El mar era distinto a todo, era, era...inmenso. Tres cuartas partes del planeta son agua, recordó de alguna documental, así que ella, entre lo mucho que ignoraba, pese a ver documentales, no conocía hasta ese preciso momento lo más grande y lo más abundante del mundo en que vivía, que por ahí había gente en otros mundos y uno no lo sabe, pero al menos conocer el de una. O sea que a los veinticinco ignoraba lo fundamental que constituía el planeta en que había nacido. Que si vinieran unos extraterrestres y la secuestraran, y le pidieran que describa su planeta, ella hasta ahora casi no conocía lo primordial, ¡y llevaba veinticinco años viviendo en él! Ahora sí, ahora ya estaba al tanto.

¿Y por qué mierda la iban a secuestrar justo a ella? Para eso que se lleven a un científico. Estos secuestran a cada uno...

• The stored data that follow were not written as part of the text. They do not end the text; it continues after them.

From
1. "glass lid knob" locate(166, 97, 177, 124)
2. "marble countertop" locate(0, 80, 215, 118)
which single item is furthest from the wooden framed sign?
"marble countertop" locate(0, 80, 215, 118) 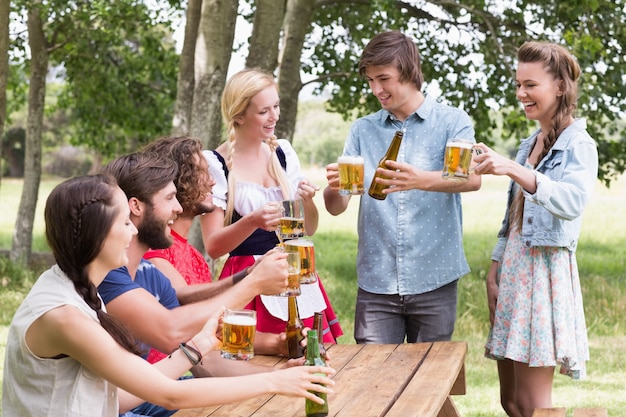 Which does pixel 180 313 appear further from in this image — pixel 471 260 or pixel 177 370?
pixel 471 260

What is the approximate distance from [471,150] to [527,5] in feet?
30.0

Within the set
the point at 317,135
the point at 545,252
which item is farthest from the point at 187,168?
the point at 317,135

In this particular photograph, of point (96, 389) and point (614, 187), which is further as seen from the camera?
point (614, 187)

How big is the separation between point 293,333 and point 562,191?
1.24 meters

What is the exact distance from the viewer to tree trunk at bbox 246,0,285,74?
31.5 ft

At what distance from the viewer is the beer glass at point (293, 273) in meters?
3.27

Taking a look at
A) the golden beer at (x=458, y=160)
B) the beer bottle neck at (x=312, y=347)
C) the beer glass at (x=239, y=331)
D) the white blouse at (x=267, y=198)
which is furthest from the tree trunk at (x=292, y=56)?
the beer glass at (x=239, y=331)

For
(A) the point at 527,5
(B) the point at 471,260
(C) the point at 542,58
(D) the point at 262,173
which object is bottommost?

Bajó corriendo el médano hacia la playa (¡cómo quema esta arena, carajo! Me van a salir ampollas en los pies, yo que los cuido tanto con zapatos caros que mis buenos pesos me cuestan, pesos no, más bien horas de trabajo, caramba), y a medida que se acercaba a la arena húmeda sentía ese alivio y ese olor más fuerte a yodo y a pescados invisibles. Sorteó las sombrillas, y las sillitas, y las conservadoras de bebidas, y los termos de mate, y los chicos hincha pelotas que lloran sin parar y piden cosas, y los vendedores ambulantes, y las carpitas de telas colorinche, y los perros que la gente desconsiderada llevaba como si fueran hijos, y al bañero todo musculoso y bronceado que hacía facha en su pequeño mirador con el pito colgando, bueno, el silbato, sorteó todo lo que se le cruzó hasta pisar el agüita de la orilla, ese fresco que le encantó, que iba y venía con las olas, y sintió cómo se le hundían los pies haciendo sopapa en la arena blanda cuando se retiraba el agua, y caminó por la orilla mojándose hasta los talones y llenándose los pulmones con ese aire brumoso (esto debe ser más sano que no sé qué, tan natural, tan puro...la naturaleza...qué sabia es la naturaleza que inventó el mar. Bueno, lo habrá inventado Dios, pero como en mi casa no vamos a misa, prefiero que haya un dios llamado Naturaleza). Caminó sin darse cuenta que se alejaba de la playas del centro, y sentía el sol picándole en los brazos (hum, me tendría que haber puesto alguna crema, yo que soy de tez tan blanca pese a tener el pelo bien oscuro, azabache, como dice mamá...). Y cuando quiso acordarse, estaba como a diez cuadras del lugar (a ver si me pierdo, mamita querida; no, no voy a preguntarle a nadie porque quedo como una idiota, una pajuerana recién desembarcada), entonces giró y volvió por la orilla a ver si veía al bañero con su silla de guardavidas en lo alto del pedestal, como el rey de la playa. Y la alegró tanto verlo, tanto que casi le hubiera dado un beso (minga de beso, a ver si me toma por una loquita), y reconoció el sitio donde había empezado la marcha como un lugar casi familiar.

Ya va siendo hora de volver. Por ser el primer día, suficiente. El mar ya está. Casi demasiado.





Fragmento de la novela Rencores de provincia, Adriana Hidalgo Editora, Buenos Aires, 2007.